__Your task__:
Set every line of the data down again exactly, and keep the pictures out.

##### Collected data

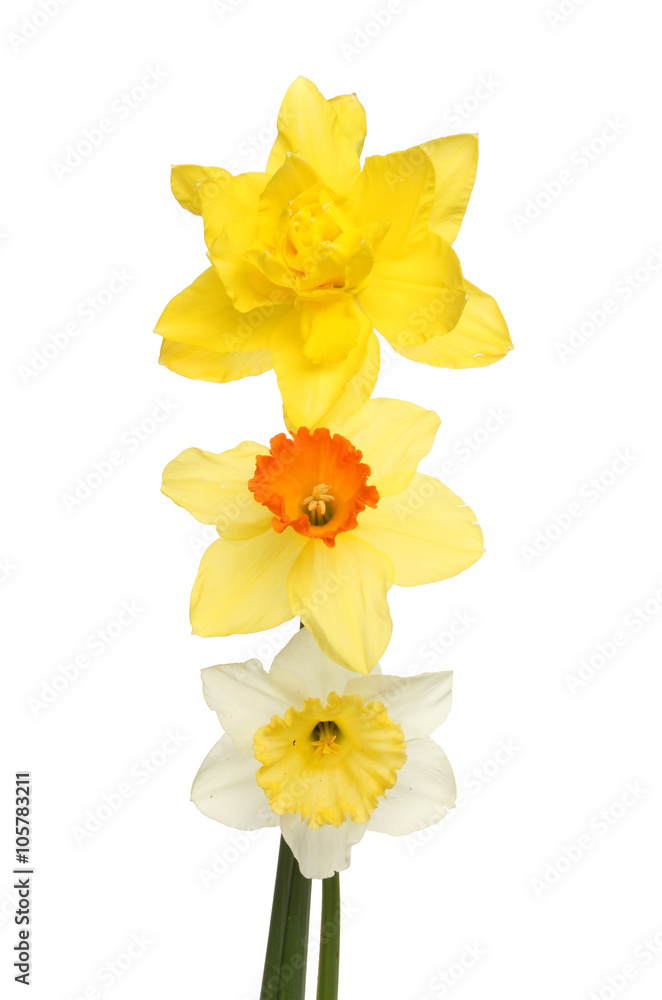Thee different Daffodils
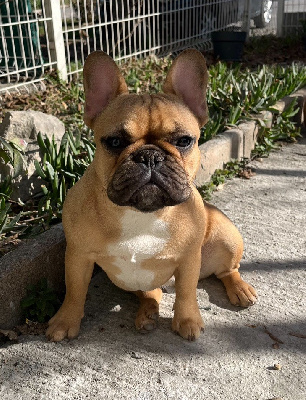 Étalon Bouledogue français - Udess Des Fontaines Du Bérange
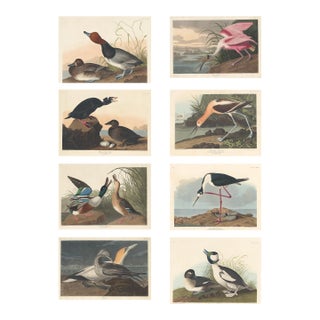 Collection of 4 Vintage 1966 John James Audubon Double-Sided Waterbird Prints For Sale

##########

__Answer to this exercise__:
Thee different Daffodils
 Étalon Bouledogue français - Udess Des Fontaines Du Bérange
 Collection of 4 Vintage 1966 John James Audubon Double-Sided Waterbird Prints For Sale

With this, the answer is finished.